When Rosemary Sabovick-Bleich stresses the importance of turnout, she shows her class of 9- and 10-year-old students that the rotation should come from the very top of the hamstring—just under the gluteus maximus. “I told one of the girls that she had to feel that little muscle and pull up from there," says Sabovick-Bleich, who teaches at New Jersey School of Ballet. “Before I touched that spot, I explained what I was going to do."

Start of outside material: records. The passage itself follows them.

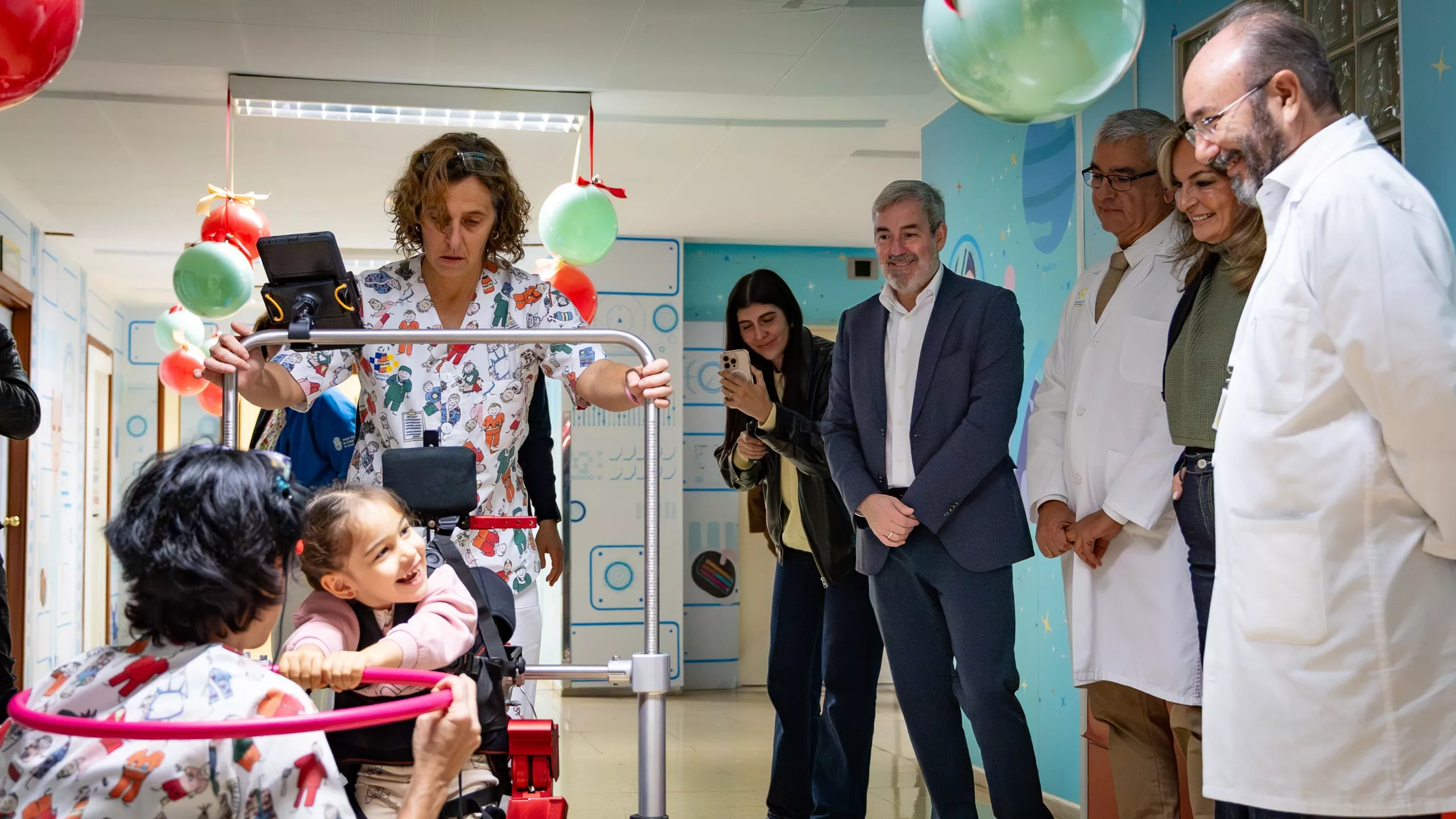 Canarias incorpora su primer exoesqueleto pediátrico para rehabilitación infantil. GOBIERNO DE CANARIAS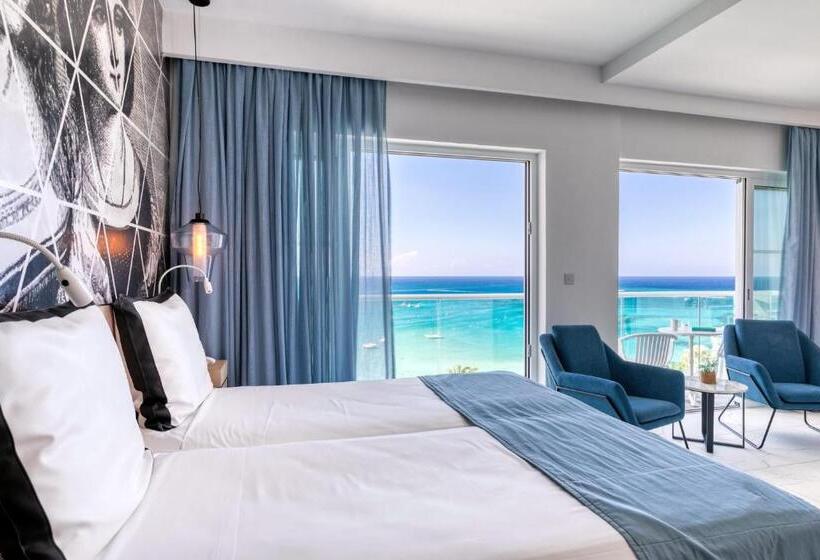 Студия Стандарт Двуспальная Кровать, King Jason Protaras   Designed For Adults By Louis Hotels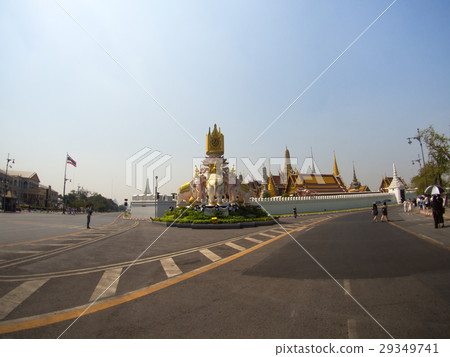 Elephant Statue in front of Wat Phra Kaew, Bangkok Elephant Statue in front of Wat Phra Kaew, Bangkok 29349741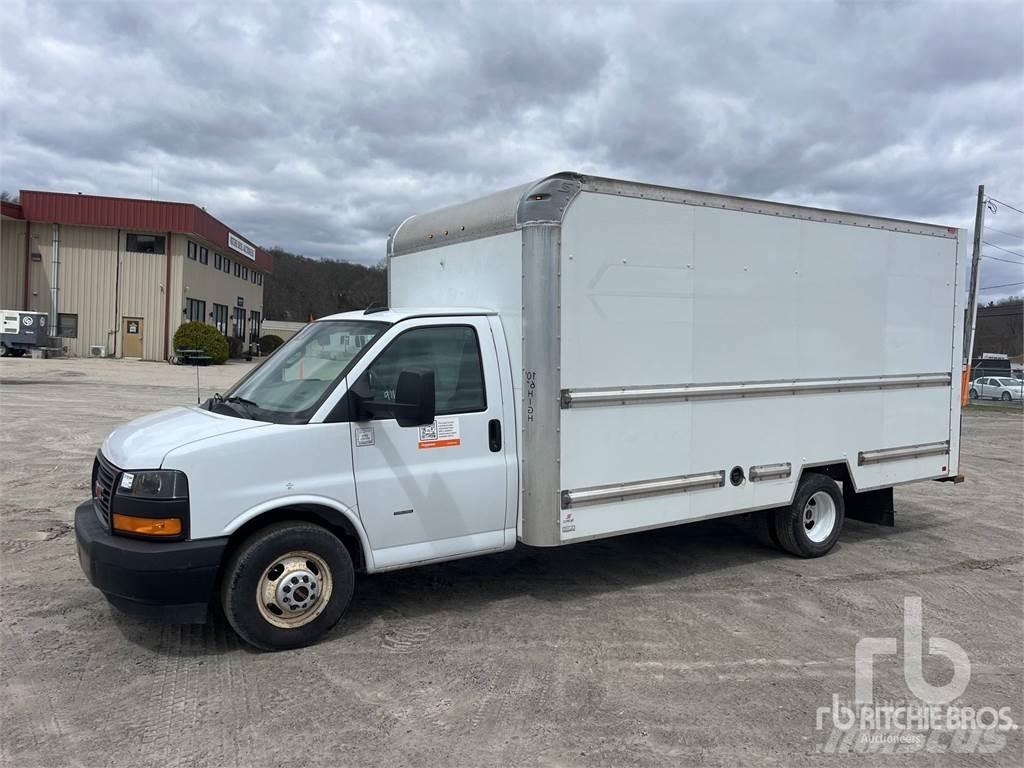 GMC G3500 Carrinhas de caixa fechada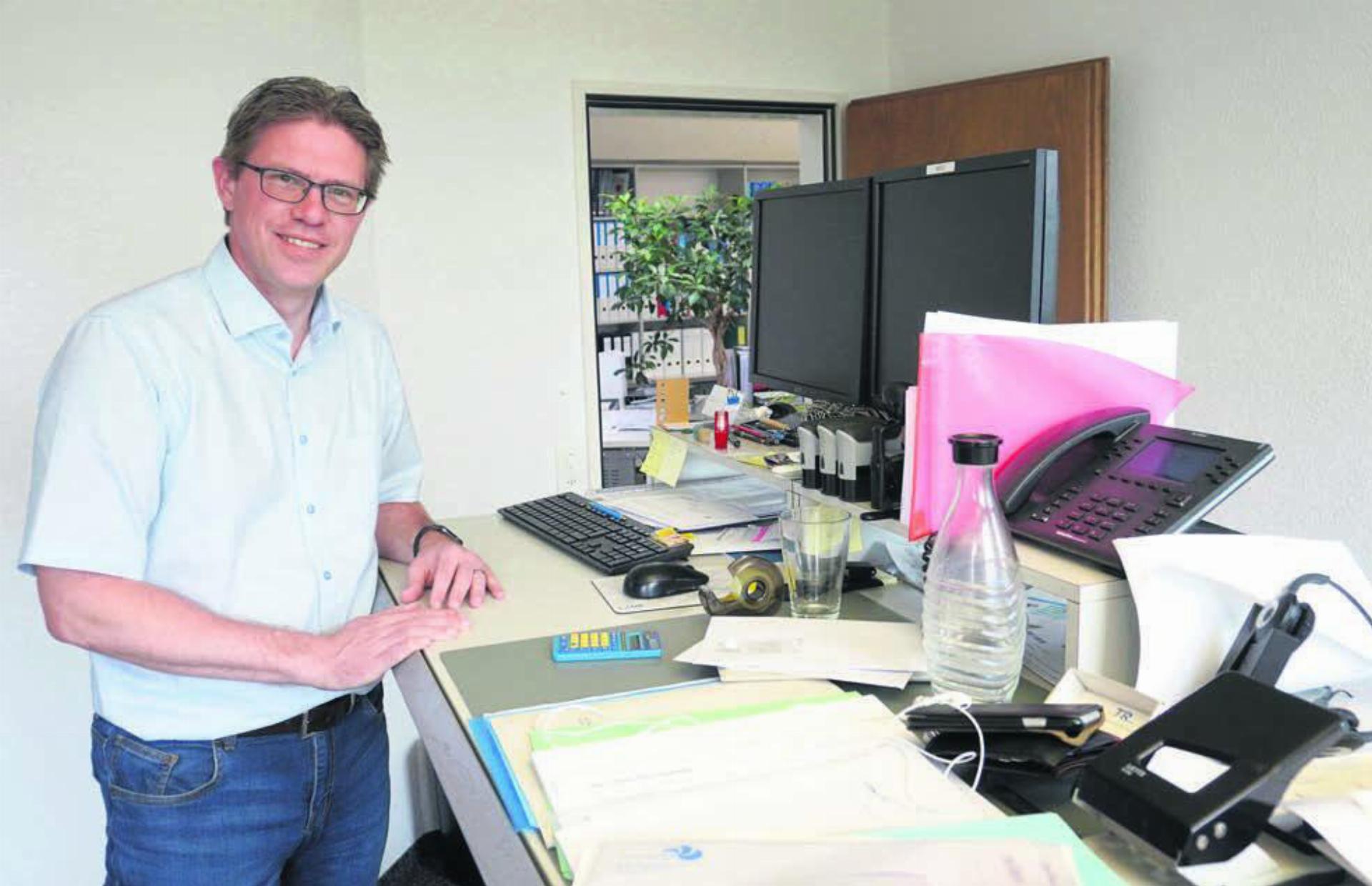 Bewährter Treuhänder: Oliver Rohrbach an seinem Arbeitsplatz. Bild: rts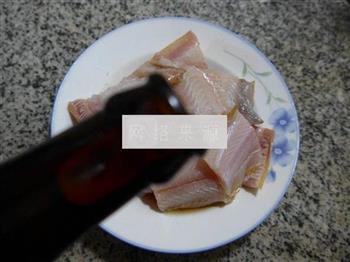 酸菜煮玉秃鱼的做法图解4
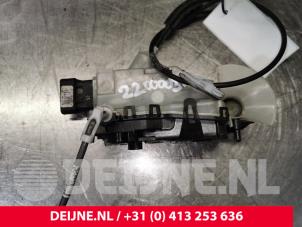 Used Door lock mechanism 2-door, left Peugeot Expert (VA/VB/VE/VF/VY) 1.6 Blue HDi 95 16V Price € 60,50 Inclusive VAT offered by van Deijne Onderdelen Uden B.V.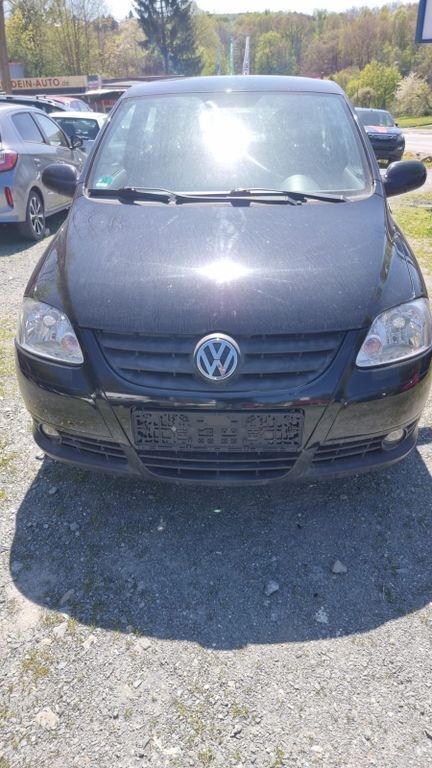 Schwarz Gebraucht 2011 VW Fox Kleinwagen | 2.000 € (Fairer Preis) - Bild 1/4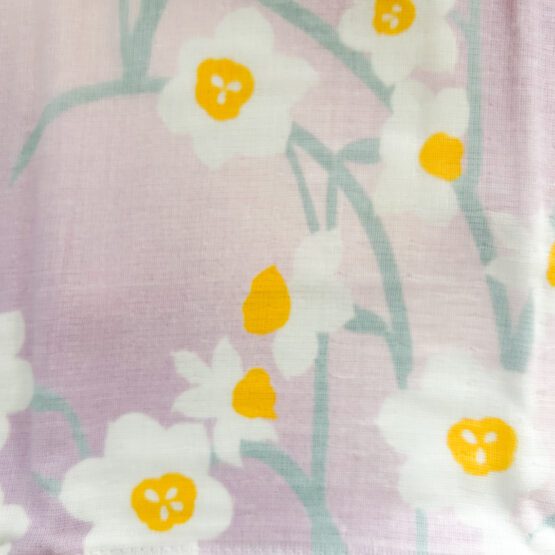 Serviette Tenugui japonais en gaze douce avec motifs de fleurs de narcisses – Image 3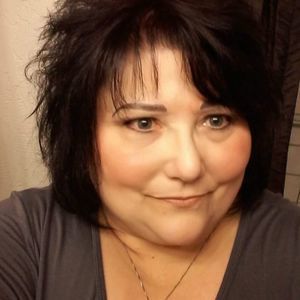 Meet your Posher, Connie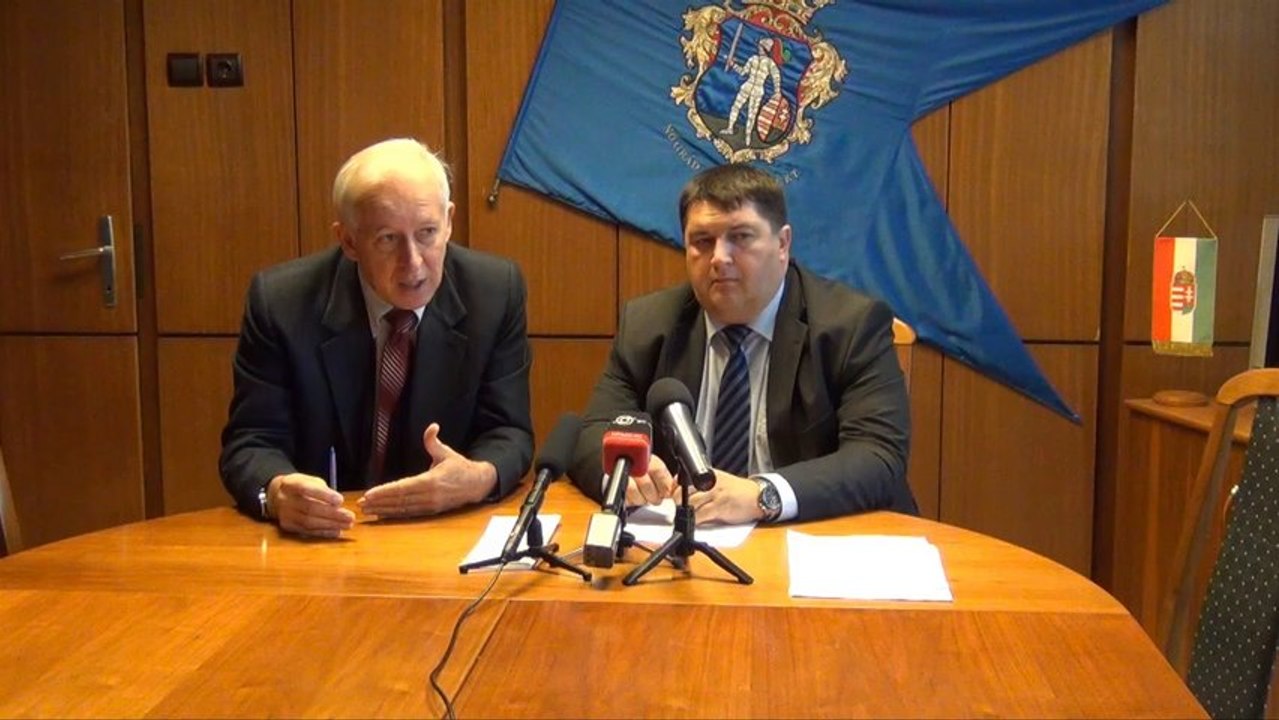Kórház konszolidáció-BecsóZsolt-Dr.BercsényiLajos-sajtótájékoztató-2013-11-22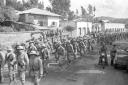 Compagnia di soldati in uniforme da marinai (forse ...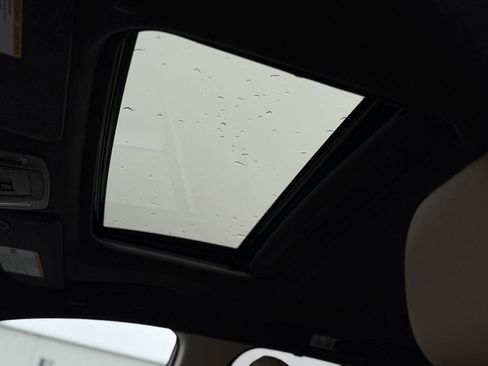 Used 2023 Toyota Sienna XLE image 19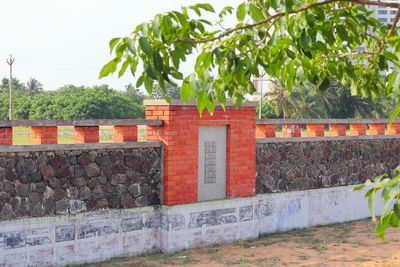 Graffiti on wall of building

Many teachers have a hands-on teaching philosophy, in which they adjust students' bodies to help them understand proper alignment. “Dance is such a physical thing—sometimes words don't fully convey what you mean," she says. “You have to actually put them into certain positions." Others, however, rely on visual and verbal cues to instruct. Effective teaching often involves using a mix of different approaches. How hands-on you should be depends on individual learning styles and comfort levels, as well as your own common sense.
1. Safety First
As in any educational setting, instructors need to make their studio a safe place. “My number-one goal when I work with kids is for them to know that I love them and care about them," says Patricia Brewer-Jones, who substitutes at The Portland Ballet, after a 40-year teaching career. “If they don't feel safe, I can't teach them." She often crawls on the floor to shape a dancer's foot or gently turn a leg to face the proper direction. Advanced dancers in her class demonstrate, but they are not allowed to give physical corrections. “No one can touch the students but me," she says. “I'm always very careful and respectful."
2. Ask Permission
Teachers should not assume they have permission to touch students. When Brewer-Jones has a new class, she talks to them first. “I explain that dance is an artform where you may be touched a lot," she says. “If they have a problem, I want them to tell me. I like to get feedback right away." Students might not verbalize their discomfort, but their body language will reveal how they really feel. “They could get fidgety and squirm," she says. “If you don't pay attention to those cues and you touch them anyway, it takes you so much longer to get that permission."
3. Use Common Sense
All hands-on corrections should be made in a sensitive and professional manner. “Fixing a sickled foot, crooked shoulders or an inclined head are very common places for hands-on correcting," says Sean Boutilier of Sean Boutilier Academy of Dance near Toronto. “There are certain areas you can fix, and other areas you can't. It's really just common sense." Male instructors have to be especially careful when correcting students in this way. Boutilier recommends facing the dancers, so they can see you, and offering a lot of verbal reassurance. “The children have to trust you," he says.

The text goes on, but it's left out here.